I have been using collective-memory-work and an adapted version called mind scripting in teaching and research in the field of science and technology studies for more than 15 years. My main research interest is on the question of how difference and social inequality co-emerge with information infrastructures and sociotechnical systems. I use ethnography and mind scripting to trace the implicit normativity of computing practices with a focus on how these practices are entrenched in societal power relations.
My background is in political science and social and economic sciences and I am senior scientist at Austrian Academy of Sciences, Institute of Technology Assessment (ITA see link).

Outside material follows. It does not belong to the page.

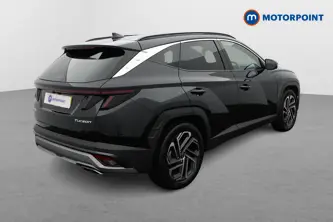Hyundai Tucson Ultimate Automatic Petrol SUV - Stock Number (1647961) - Drivers side rear corner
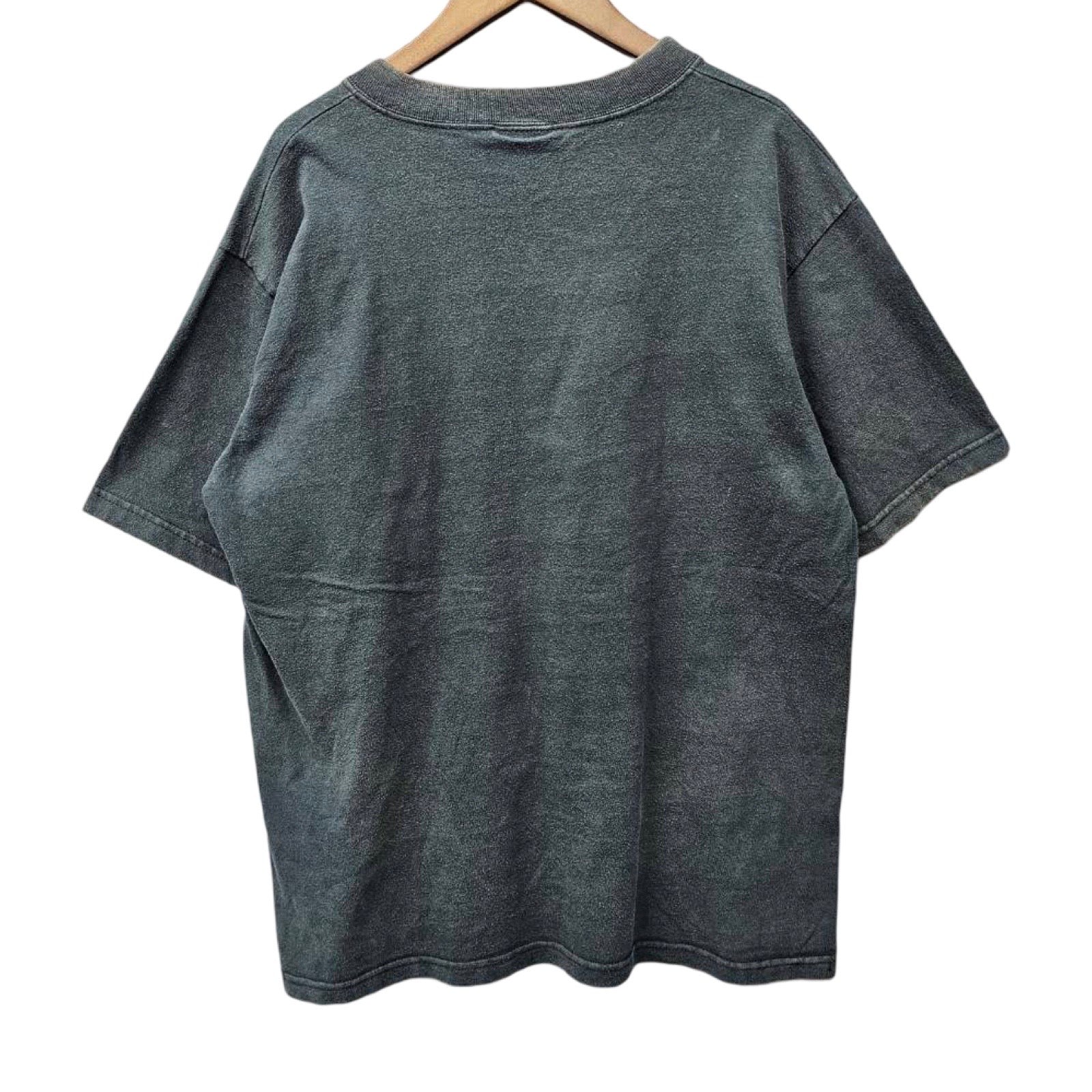 Vintage 90's Harley-Davidson Motorcycles Logo 1996 S/S Tee Size M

Doris’ Contribution at the Symposium
Memory, materiality and affect: researching society-technology relations
Debates on cognitive capitalism, surveillance capitalism or techno-scientific capitalism have in different ways highlighted the importance of emergent society-technology formations. Science and technology studies provide numerous empirical studies on the multi-layered entrenchment of technologies and technological practices in power relations.

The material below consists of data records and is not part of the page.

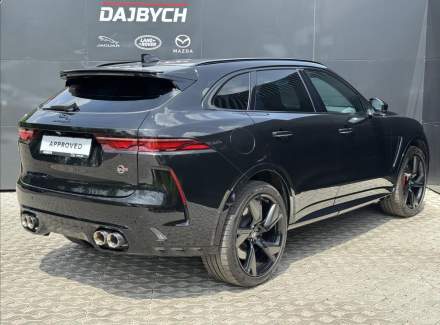 Jaguar - F-Pace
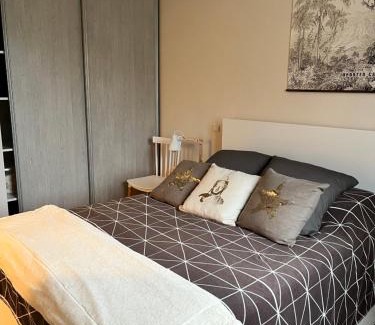 Illats Bed & Breakfast | Chambre des tourterelles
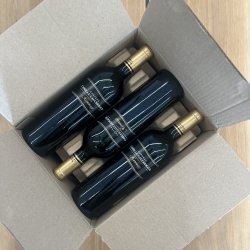 Chateau Camille - Rouge Hommage - 2015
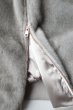 画像4: SUÉSADA       Zip Fur Jacket・Greige (4)
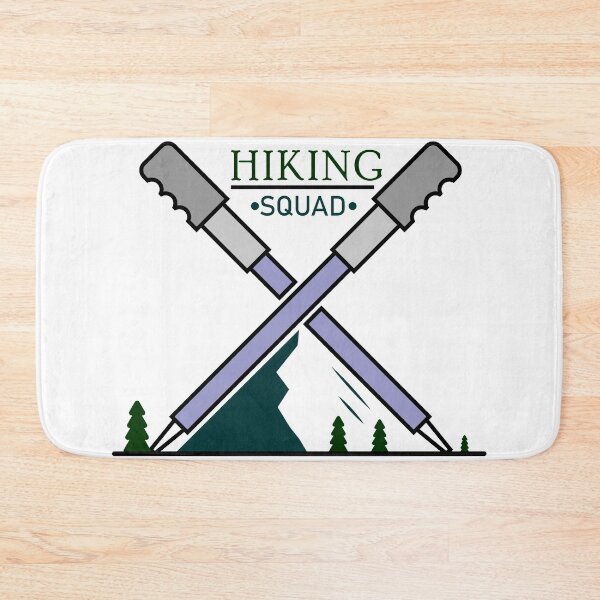 Item preview, Hiking Squad designed and sold by Devkota-Store.
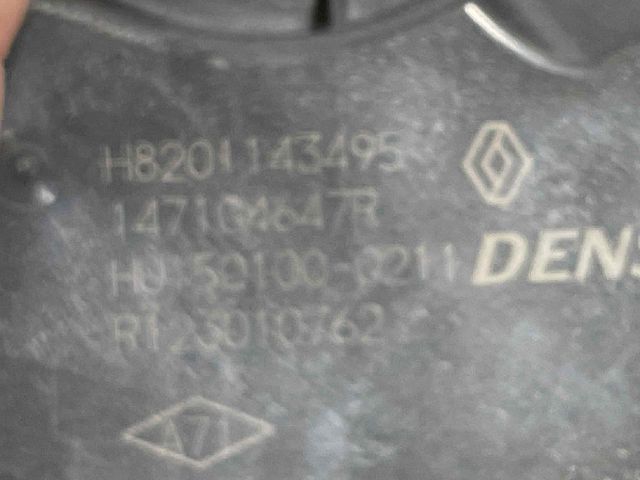 bontott RENAULT MEGANE III EGR / AGR Szelep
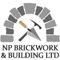 Company/TP logo - "NP Brickwork & Building Ltd"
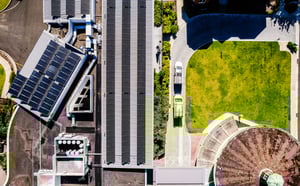 Commercial electrical project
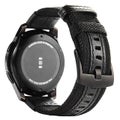Nylon and Leather Watch Straps Compatible with Polar Pacer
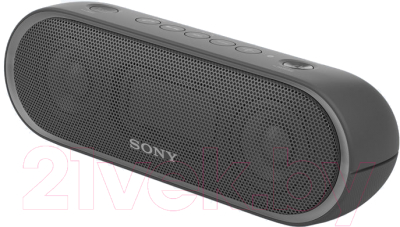 Портативная колонка Sony SRS-XB20B (черный)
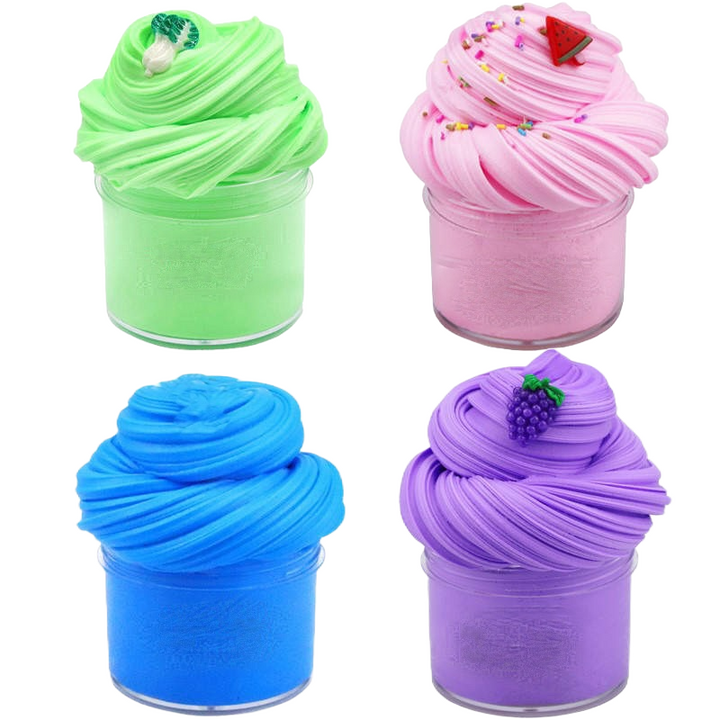 Genius Butter Slime - STEM Experiment Kit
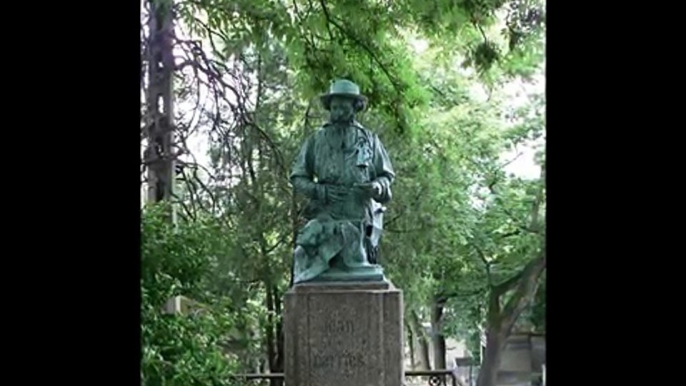 Cimetiere du pere lachaise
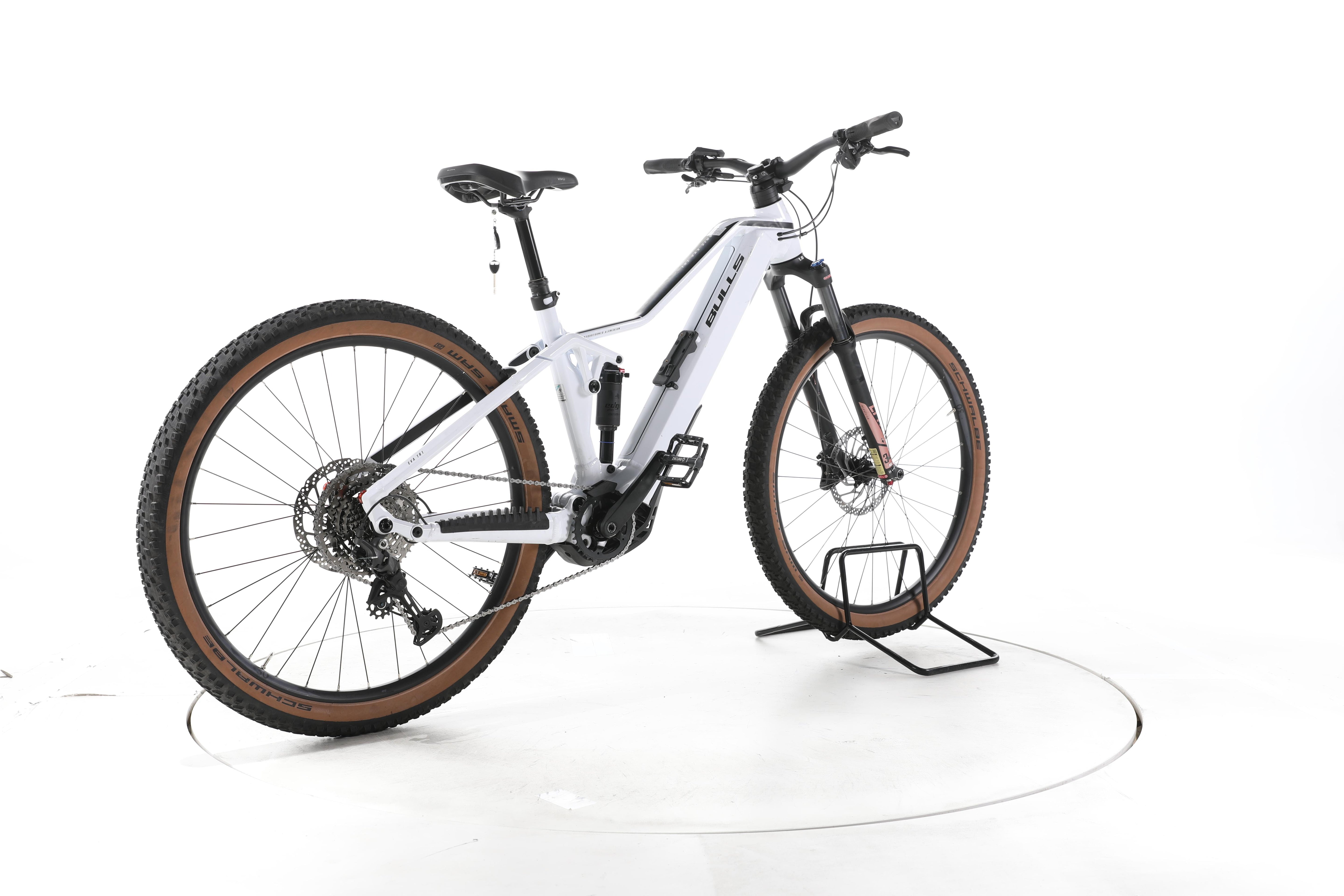 Bulls Sonic EVA TR 1 E-Bike Fully 2024 - Image 12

Using an adaptation of collective-memory-work (called mind scripting), my research focuses on how social inequality and difference co-emerge with onto-epistemic practices of developing sociotechnical systems. I have been working with practitioners and scientists in different fields of computing, such as game development, semantic computing and, more recently, researchers in fairness in machine learning and sustainable requirements engineering. Generally speaking, this research shows how mundane practices of computing activate implicit values, norms and ideologies that feed on epistemic claims of computer science as well as everyday discourse.

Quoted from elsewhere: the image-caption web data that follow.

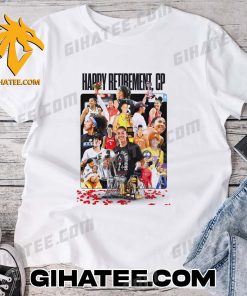 Candace Parker Legend Retirement T-Shirt Player Greatest Of All Time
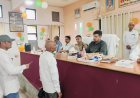 जिलाधिकारी की अध्यक्षता में बिलग्राम में सम्पूर्ण समाधान दिवस सम्पन्न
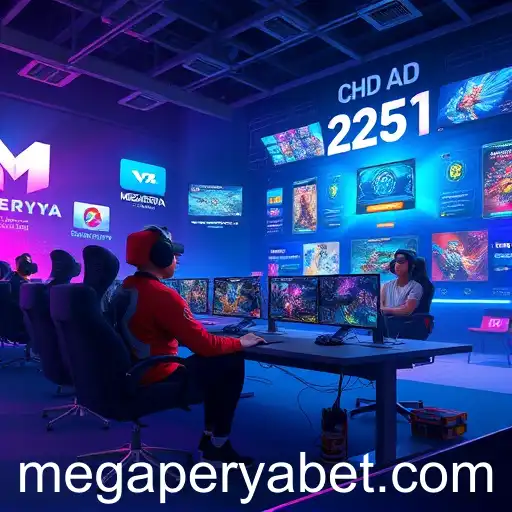 The Rise of MegaPerya: Gaming's New Frontier
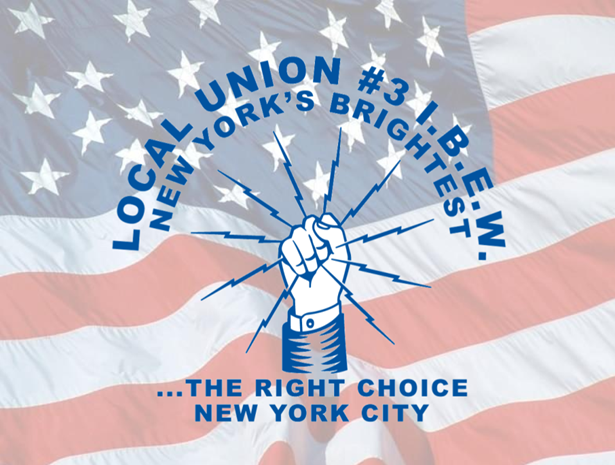 Let's Go, Local 3! | Local Union No. 3 IBEW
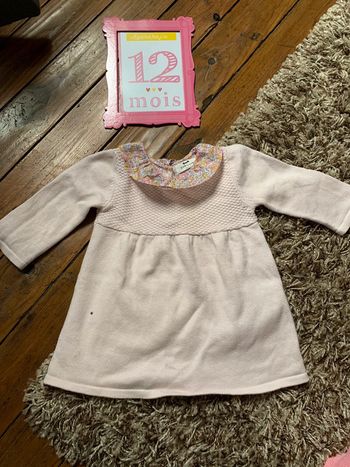 Robe liberty cyrillus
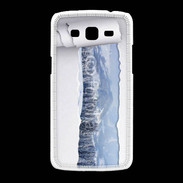 Coque Samsung Galaxy Grand2 Paysage de montagne 2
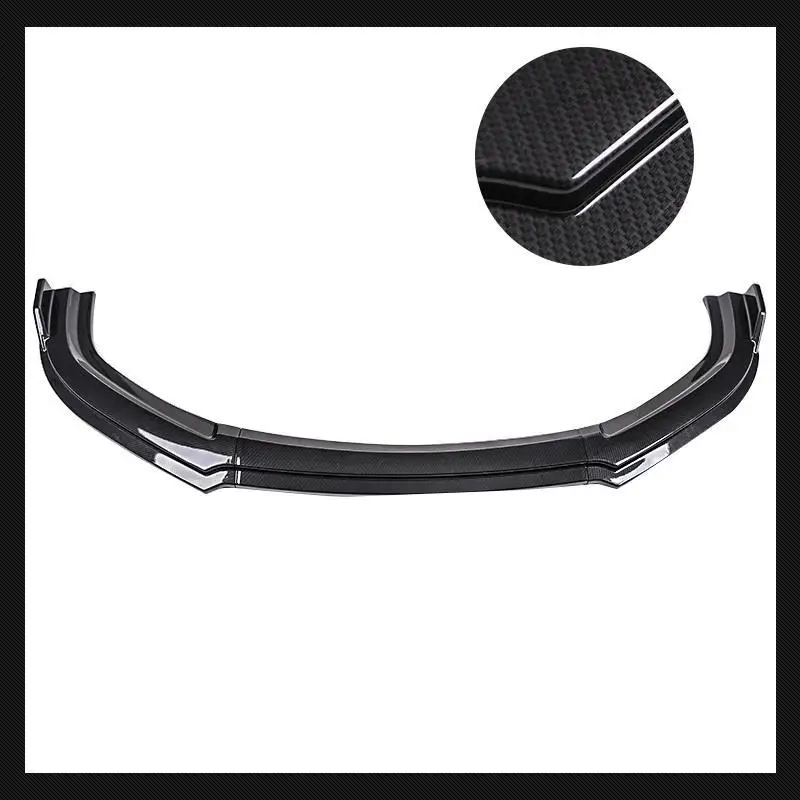 Модификация наклейка бампера Защита стиль Parachoques Авто протектор автомобильные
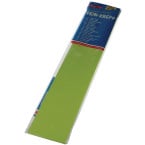 Folia light green crepe...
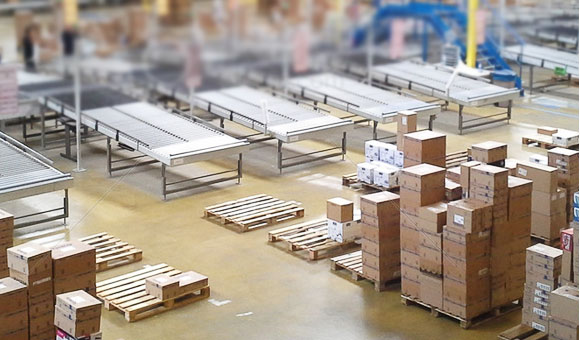 電商倉儲(chǔ)物流服務(wù)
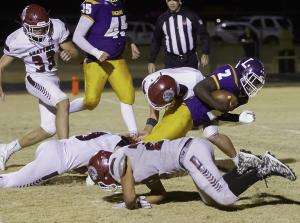 vs Laverne Semi07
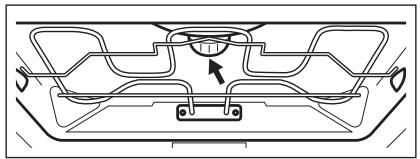 AEG FOURBSE78228BM - PRECAUCION! - 1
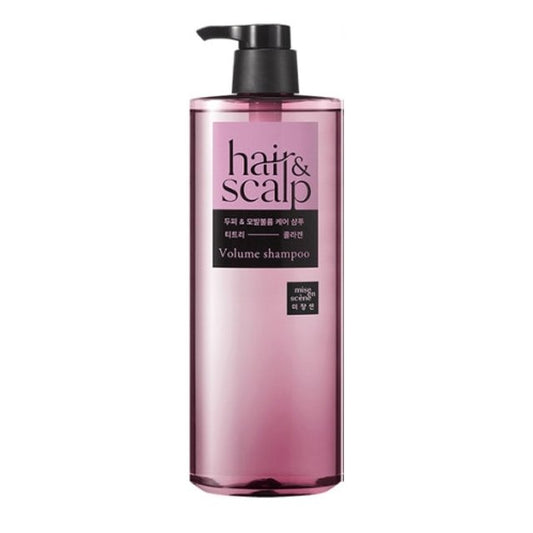 Mise en Scene Hair&Scalp Volume Shampoo 750ml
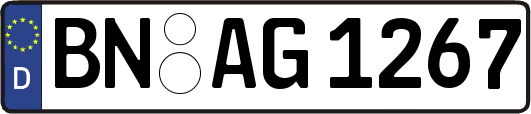 BN-AG1267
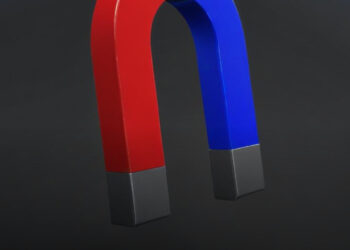 Mi található valójában a mágnes pólusai között?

Based on examples from this research, I would like to discuss the methodological consequences that a focus on epistemic practices in collective-memory-work may entail. Starting with a consideration of collective-memory-work’s theoretical origins in ideology critique, I suggest integrating concepts of queer-feminist studies of affect and ‘new materialism’. Queer-feminist studies of affect conceptualize affects and emotionsas transindividual and historical modes of how subjects and institutions are affectively invested with power relations (Bargetz 2014). Feminist new materialism(s) emphasize the agential capacities of intertwined discursive and material relations that come to bear in processes of “mattering”, signification and embodiment (Barad 2003). I suggest that making use of these approaches in collective-memory-work helps us understand the grip that even technologies that we reject may have on us, and thus, in a wider sense, subjects’ affective entanglements in capitalist society-technology relations.
Barad, K. 2003. “Posthumanist Performativity. Toward an Understanding of How Matter Comes to Matter.” Signs 28 (3): 801–31.
Bargetz, B. 2014. “Figuring Ambivalence, Capturing the Political. An Everyday Perspective.” In Multistable Figures. On the Critical Potentials of Ir/reversible Aspect-Seeing, 191–214.